Comme attendu, La France insoumise a dégainé deux motions de censure le 3 février à 18h15, déposées par Mathilde Panot et 91 de ses collègues alors que le groupe parlementaire en compte 71. Comme l’ordonne le « règlement intérieur », la première devrait être débattue et soumise au vote le mercredi 5 janvier. Mais faute d’être suivie par les socialistes, qui ont décidé en bureau national d’écarter la censure, les deux recours sont sans grands risques arithmétiques pour la survie du gouvernement Bayrou quand bien même le RN décidait de la censure. Le parti d’extrême droite, qui prendra sa décision mercredi matin, a de plus indiqué ne pas vouloir aggraver « l’instabilité » en France. Le rejet de la motion entraînerait l’adoption du budget 2025 à l’Assemblée nationale, avant une adoption définitive au Sénat qui devrait passer comme une lettre à la poste.

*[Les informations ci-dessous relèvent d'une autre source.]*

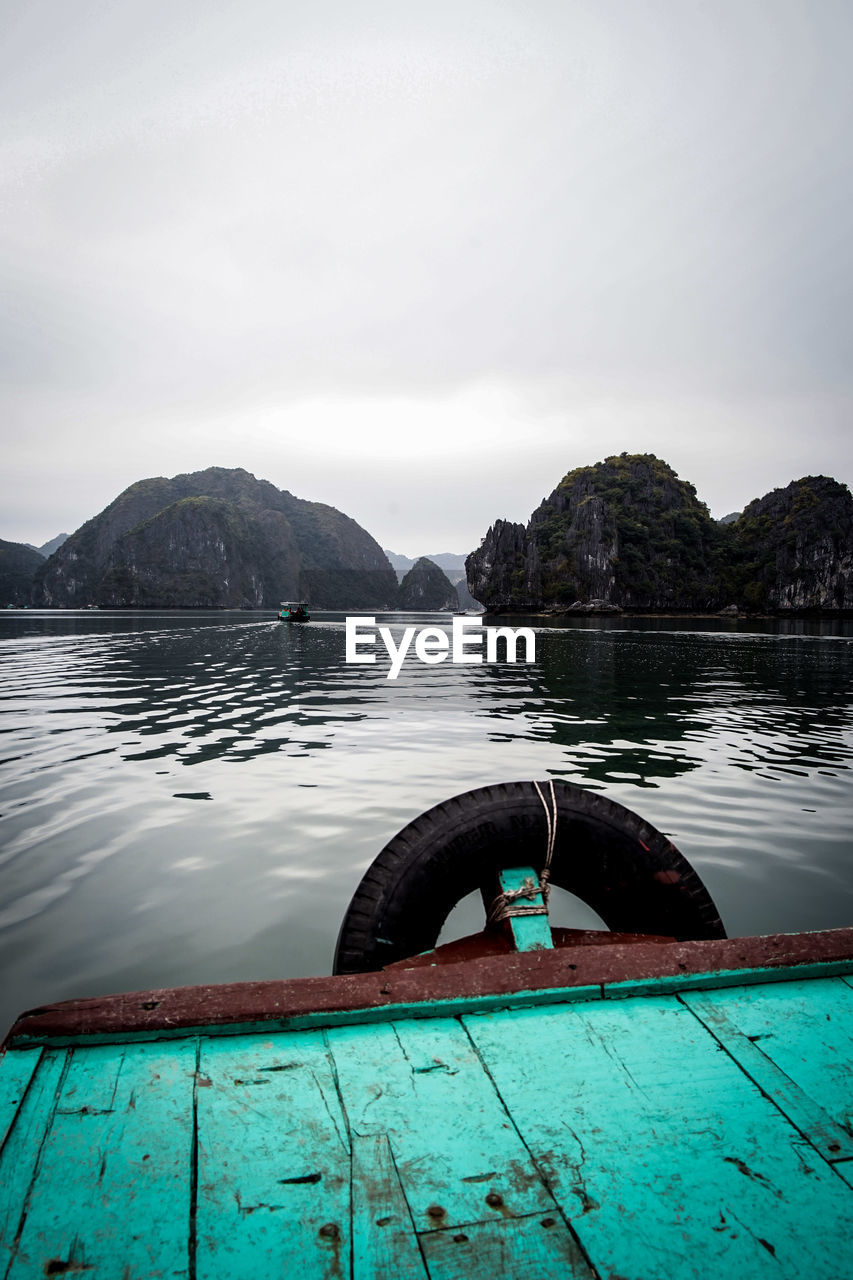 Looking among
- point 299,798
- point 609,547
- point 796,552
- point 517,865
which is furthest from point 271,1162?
point 796,552

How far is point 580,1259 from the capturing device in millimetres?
1444

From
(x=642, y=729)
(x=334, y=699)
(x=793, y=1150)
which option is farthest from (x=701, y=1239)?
(x=334, y=699)

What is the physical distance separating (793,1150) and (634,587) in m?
159

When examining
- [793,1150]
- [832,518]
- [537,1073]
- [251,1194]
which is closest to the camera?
[251,1194]

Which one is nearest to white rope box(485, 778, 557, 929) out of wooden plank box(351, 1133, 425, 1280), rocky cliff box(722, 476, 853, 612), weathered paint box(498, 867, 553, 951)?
weathered paint box(498, 867, 553, 951)

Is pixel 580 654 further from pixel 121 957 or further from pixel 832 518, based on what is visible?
pixel 832 518

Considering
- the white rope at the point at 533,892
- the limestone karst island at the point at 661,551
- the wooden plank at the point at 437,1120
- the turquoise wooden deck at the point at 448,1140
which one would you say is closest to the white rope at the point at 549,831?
the white rope at the point at 533,892

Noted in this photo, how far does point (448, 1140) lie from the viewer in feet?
5.74

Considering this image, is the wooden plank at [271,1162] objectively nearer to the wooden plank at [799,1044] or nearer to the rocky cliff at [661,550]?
the wooden plank at [799,1044]

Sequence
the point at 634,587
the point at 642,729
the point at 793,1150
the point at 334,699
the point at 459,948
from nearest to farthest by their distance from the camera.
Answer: the point at 793,1150, the point at 459,948, the point at 642,729, the point at 334,699, the point at 634,587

Combien ça coûte au transport maritime ?
Quelle est le coût de la facture finale de cette sortie de crise politique et budgétaire ? Comme coûtent les tractations et compromis au chausse-pied ? Le gouvernement espère toujours ramener le déficit public à 5,4 % du PIB en 2025 grâce à un effort budgétaire de 50 Md€ (objectif validé par la CMP) grâce à la réduction des dépenses de 30 Md€ et des recettes de 20 Md€. Un budget bâti sur des estimations « plutôt optimistes de croissance » [projet du gouvernement est établi sur une croissance de 0,9 % et une inflation à 1,5 %, NDLR], a averti de son côté le Haut conseil des finances publiques, avec « peu de marges de sécurité » face aux aléas.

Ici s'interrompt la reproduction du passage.